Off label drug use in the treatment of polycystic ovary syndrome
This review explores the off-label use of medications used to manage aspects of polycystic ovary syndrome, including androgen excess, irregular menses, and metabolic changes.
Wendy Vitek, M.D., Snigdha Alur, M.D., Kathleen M. Hoeger, M.D., M.P.H.
Volume 103, Issue 3, Pages 605-611
Polycystic ovary syndrome (PCOS) is a complex lifelong disorder with an etiology and pathophysiology that is not yet entirely understood. Women with PCOS have clinical presentations that may vary from adolescence to menopause, including menstrual irregularity/anovulation and symptoms of hyperandrogenism, such as acne and hirsutism. Over a lifetime, treatment needs and requirements can change.

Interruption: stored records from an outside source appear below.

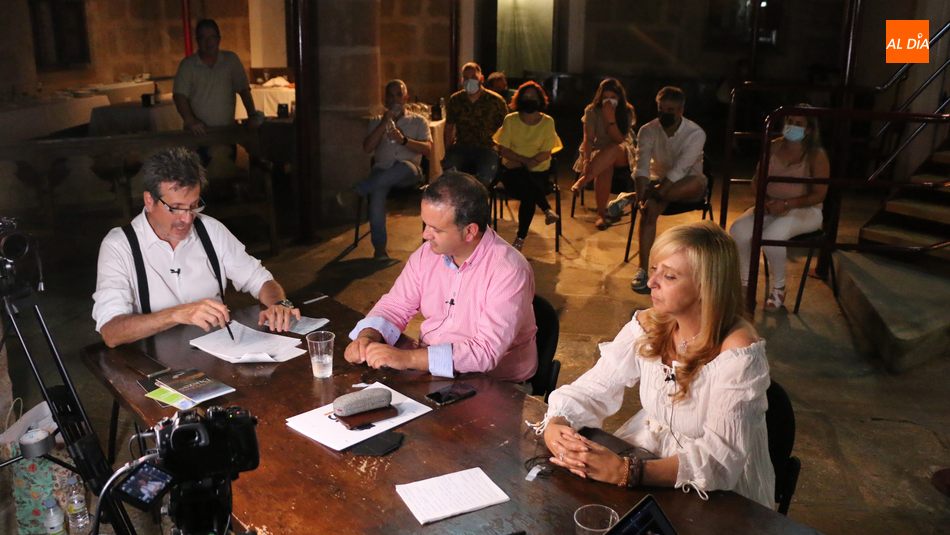 El diputado de turismo, Javier García Hidalgo, junto a Marian Redero, durante la entrevista realizada por José Miguel Gaona en 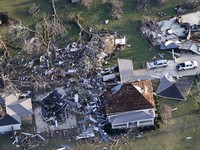 Mereka Mengais Sisa Barang Berharga Usai Tornado di Alabama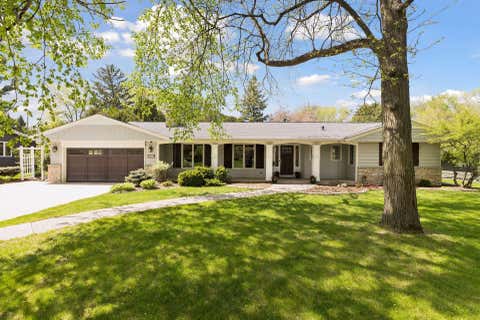 Homes For Sale - 5512 Glengarry Parkway<br/> Hennepin County, Minneapolis, MN 55436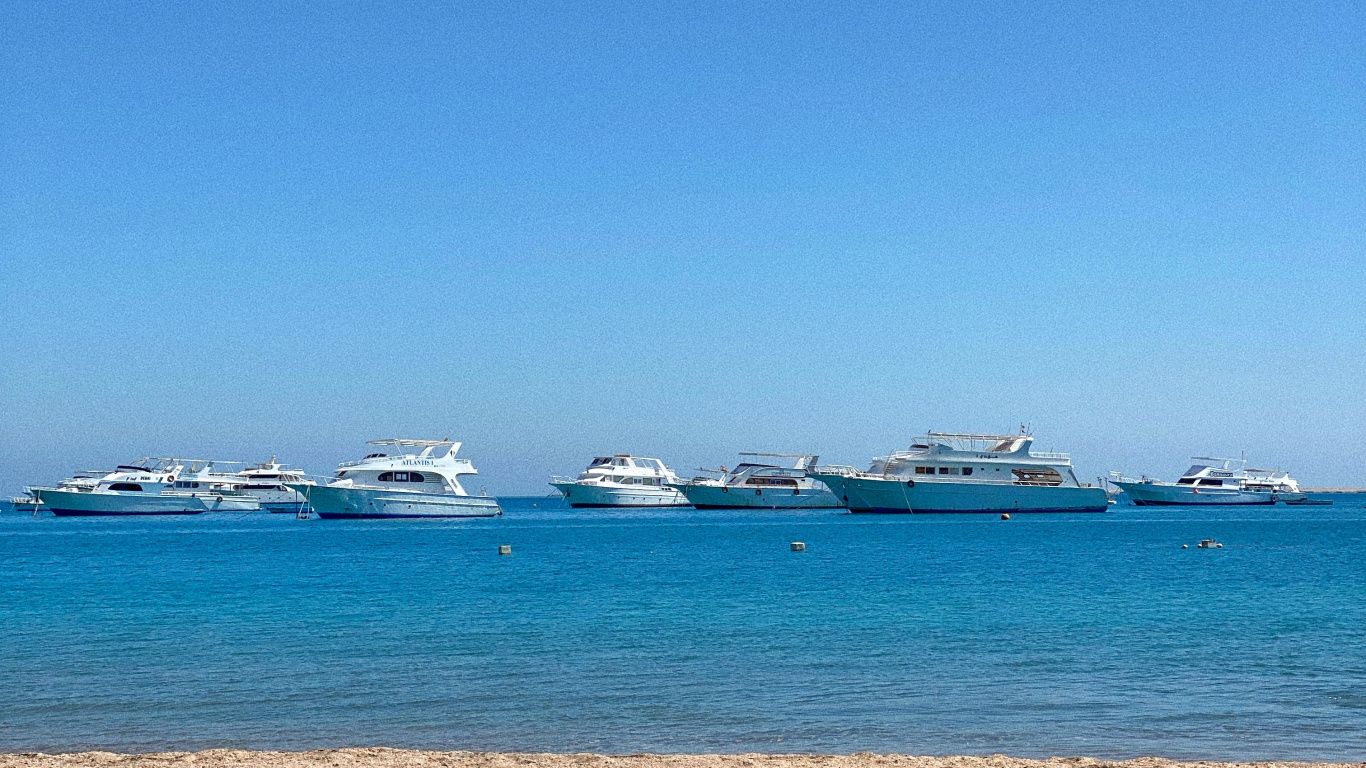 Обои море, пляж Сан-Франциско, пляж, вода, лодка в разрешении 1366x768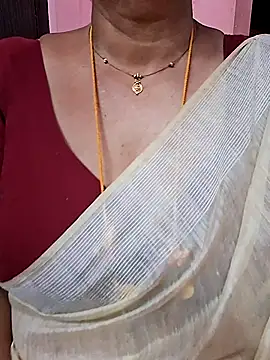 ananya956 online show from November 7, 2025, 12:48 am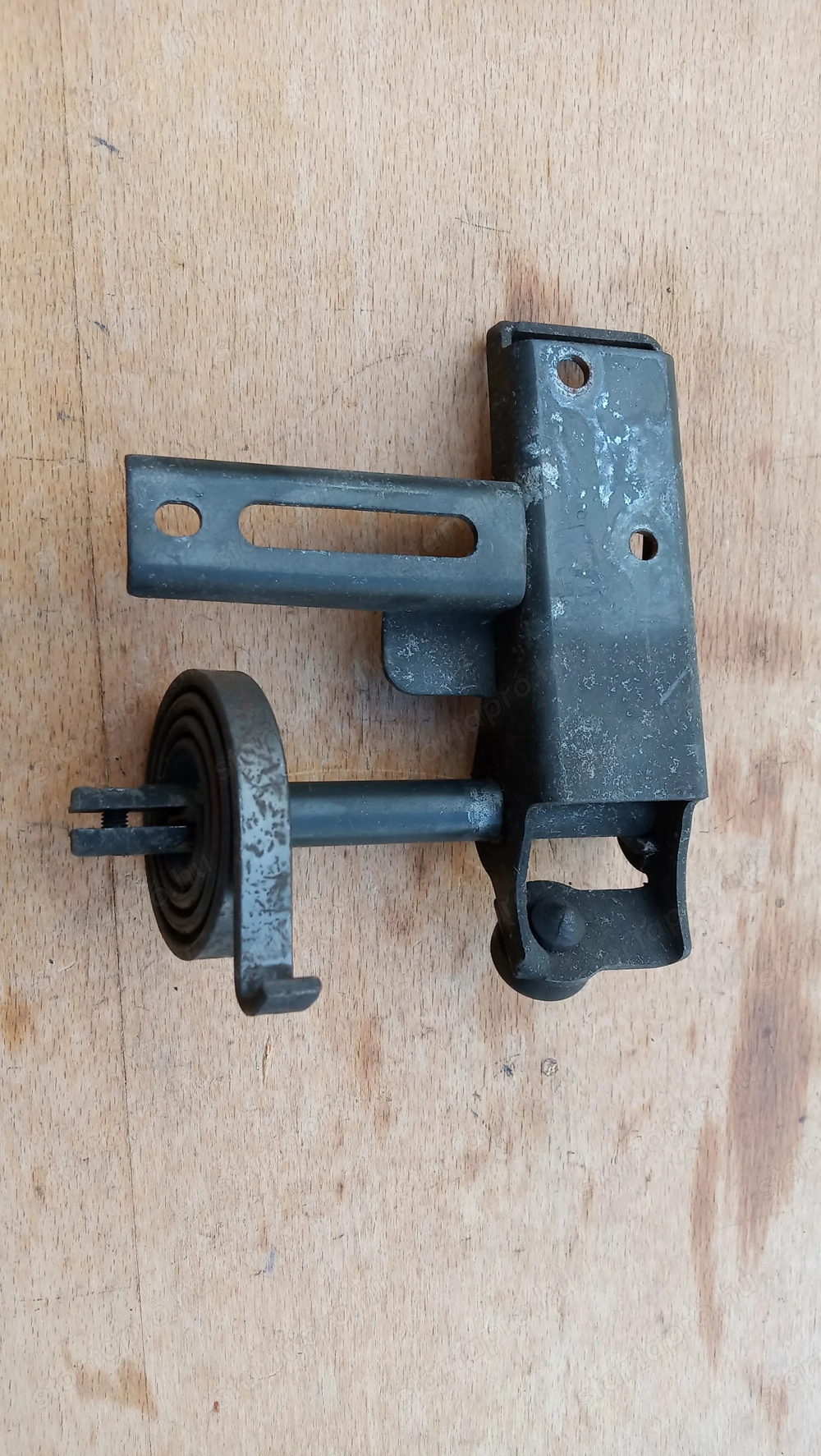 Suzuki Burgman UH 125 - 150 ülés zsanér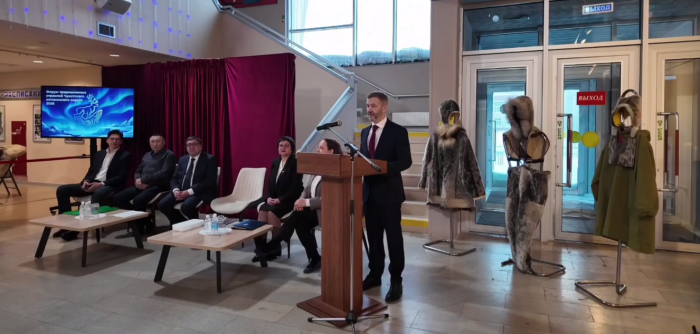 Начальник Чукотки открывает работу форума оленеводов / скриншот кадра видео телеграм-канал Владислав Кузнецов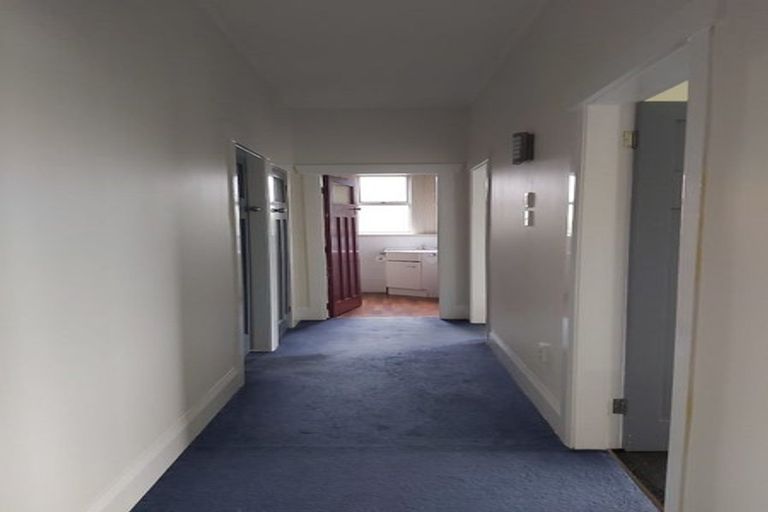 Photo of property in 124b Omata Road, Marfell, New Plymouth, 4310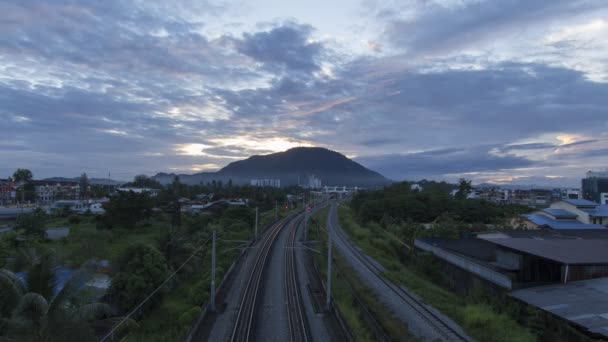 Timelapse che conduce la strada ferroviaria verso la collina Tokun — Video Stock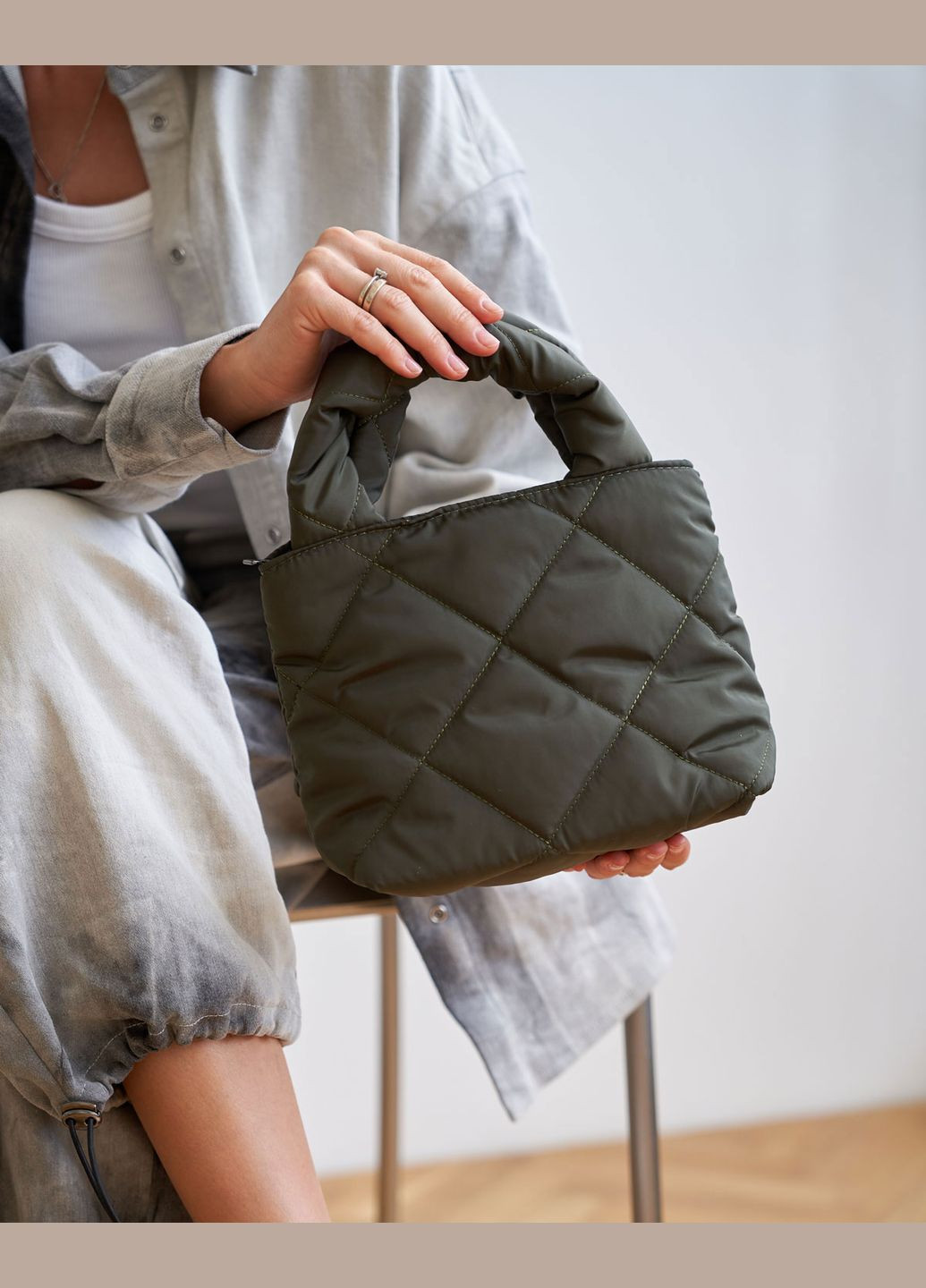 Женская сумка среднего размера Лулу с мехом серая (sumka-znocha-kra) WeLassie (342199431)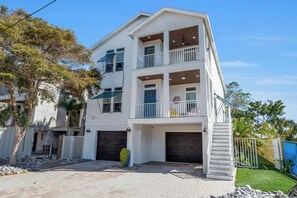 Exterior - Island Escape 3 blocks from beach W/ Heated Pool (Sarasota)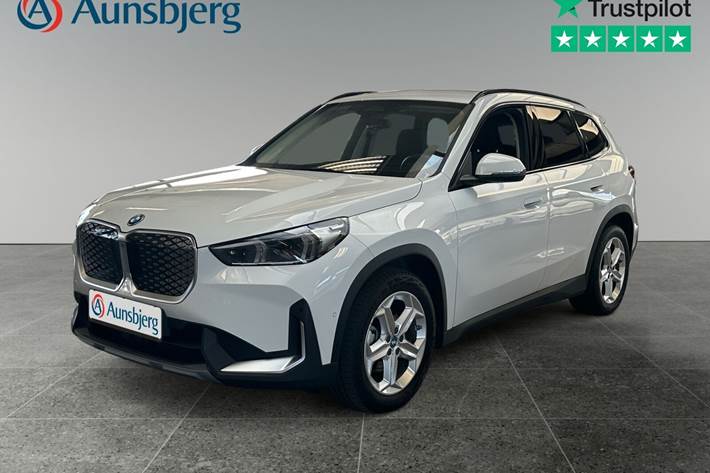 Hvid BMW iX1 fra 2024 set udefra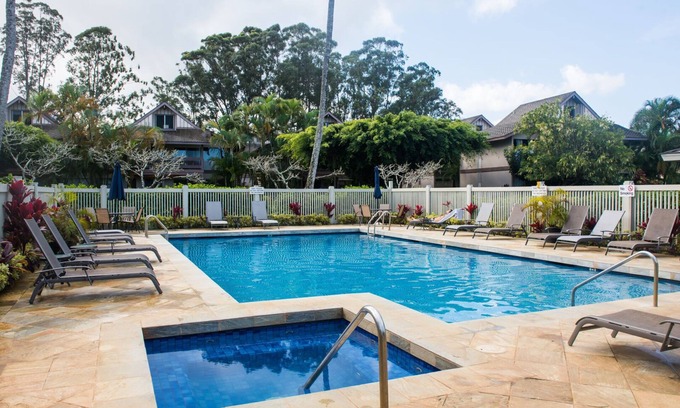 Princeville Apartment | Princeville Sands Studio with Pool and Hot Tub (137-B)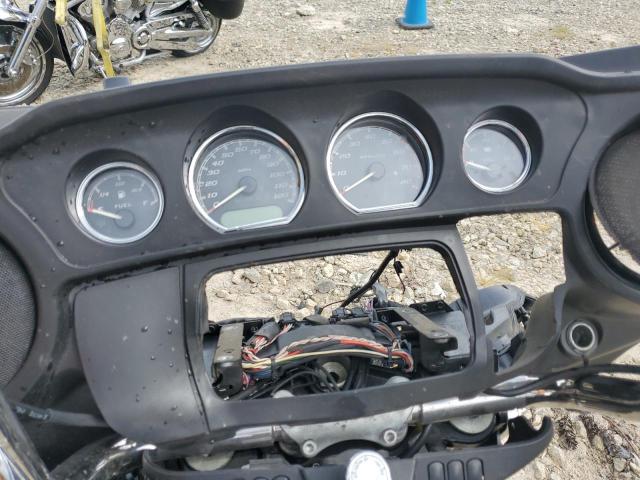 2018 HARLEY-DAVIDSON FLHTCU ULT 1HD1FCC19JB660955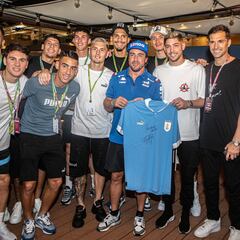 Uruguay visita a Fernando Alonso antes de viajar a Qatar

Unfortunately, there are no Food and Drug Administration–approved medications that are approved solely for the purpose of PCOS, but the symptoms and presentation of PCOS are often amenable to several approved agents, such as oral contraceptives for the indication of acne and clomiphene citrate for the indication of induction of ovulation. However, to meet the needs of women with PCOS, off-label use of medications has flourished. This review explores the data for those agents that do not carry an indication for PCOS but have been used for treating the signs and symptoms of PCOS.